Publication year - 2012
Publication title -
ecological applications
Language(s) - English
Resource type - Journals
SCImago Journal Rank - 1.864
H-Index - 213
eISSN - 1939-5582
pISSN - 1051-0761
DOI - 10.1890/10-2210.1
Subject(s) - afforestation , environmental science , biomass (ecology) , soil carbon , precipitation , grassland , agronomy , agroforestry , soil organic matter , carbon sequestration , soil water , ecology , forestry , carbon dioxide , soil science , geography , biology , meteorology
Afforestation, the conversion of unforested lands to forests, is a tool for sequestering anthropogenic carbon dioxide into plant biomass. However, in addition to altering biomass, afforestation can have substantial effects on soil organic carbon (SOC) pools, some of which have much longer turnover times than plant biomass. An increasing body of evidence suggests that the effect of afforestation on SOC may depend on mean annual precipitation (MAP). The goal of this study was to test how labile and bulk pools of SOC and total soil nitrogen (TN) change with afforestation across a rainfall gradient of 600–1500 mm in the Rio de la Plata grasslands of Argentina and Uruguay. The sites were all former grasslands planted with Eucalyptus spp. Overall, we found that afforestation increased (up to 1012 kg C·ha −1 ·yr −1 ) or decreased (as much as 1294 kg C·ha −1 ·yr −1 ) SOC pools in this region and that these changes were significantly related to MAP. Drier sites gained, and wetter sites lost, SOC and TN ( r 2 = 0.59, P = 0.003; and r 2 = 0.57, P = 0.004, respectively).
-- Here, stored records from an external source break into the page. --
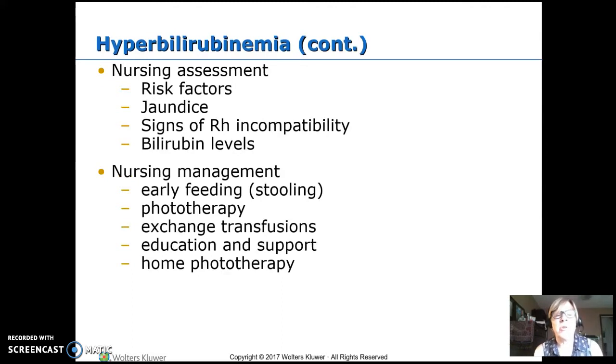In your nursing assessment, look at risk factors: what are the baby's and the mom's blood types? Look for jaundice — it starts on the head and moves down, so we're looking at the face and trunk first. You can blanch the skin and when you let go it should be white or pinkish; if it's yellow, it's jaundice. Many people use the tip of the nose or somewhere on the chest. Remember, RH incompatibility presents earlier and more severe.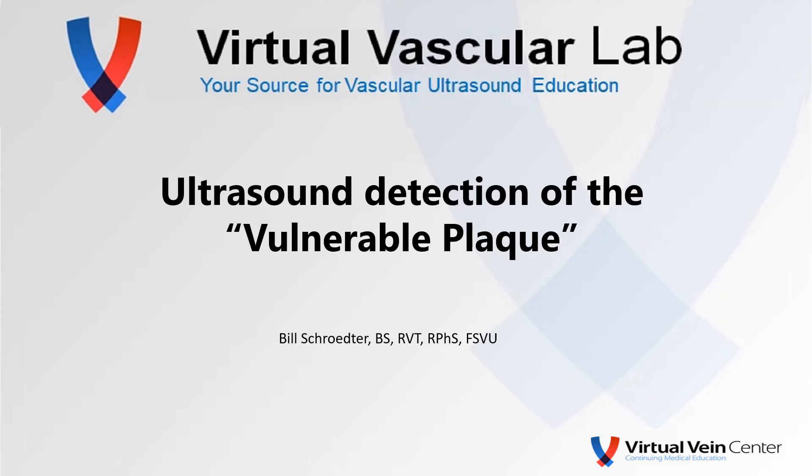It reminded me of a case that I had from many years ago. I thought I would present that here. Hope you enjoy.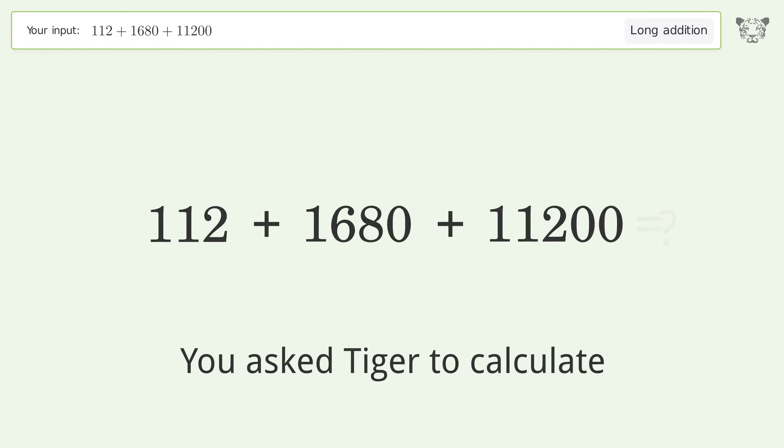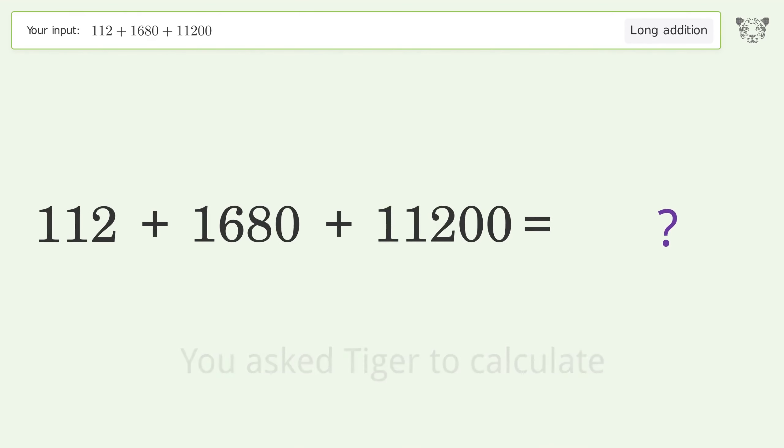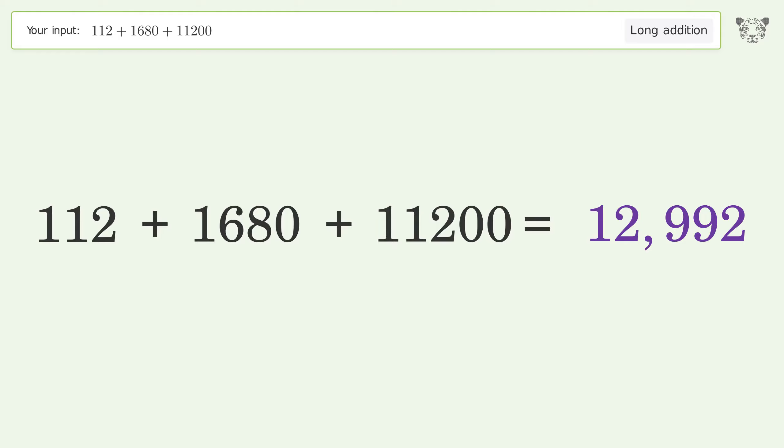You asked Tiger to calculate. This deals with long addition. The final result is 12992.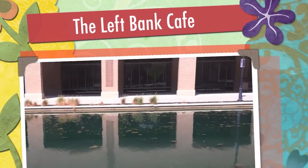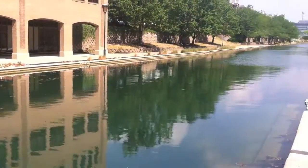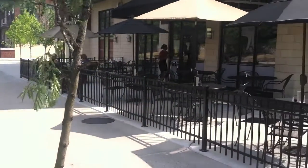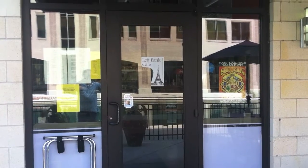If you're looking for a unique place downtown that serves lunch and dinner but won't break your budget, then the Left Bank Cafe is the place for you. It's located at 310 West Michigan Street, right on the canal. This is not a fast food place, but you can get a quick lunch.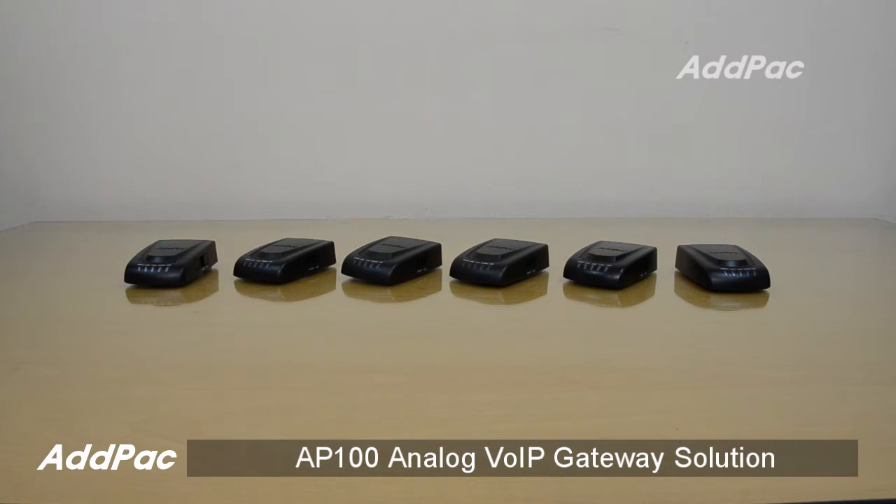Hi, I'm Sophia. I'm here to introduce you to the one or two-port AP100 analog VoIP gateway series, including the ATA analog telephone adapter.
Labile C and N in microbial biomass and extractable soil pools followed similar patterns to bulk SOC and TN. Interestingly, drier sites gained more SOC and TN as plantations aged, while losses reversed as plantations aged in wet sites, suggesting that plantation age in addition to precipitation is a critical driver of changes in soil organic matter with afforestation. This new evidence implies that longer intervals between harvests for plantations could improve SOC storage, ameliorating the negative trends found in humid sites. Our results suggest that the value of afforestation as a carbon sequestration tool should be considered in the context of precipitation and age of the forest stand.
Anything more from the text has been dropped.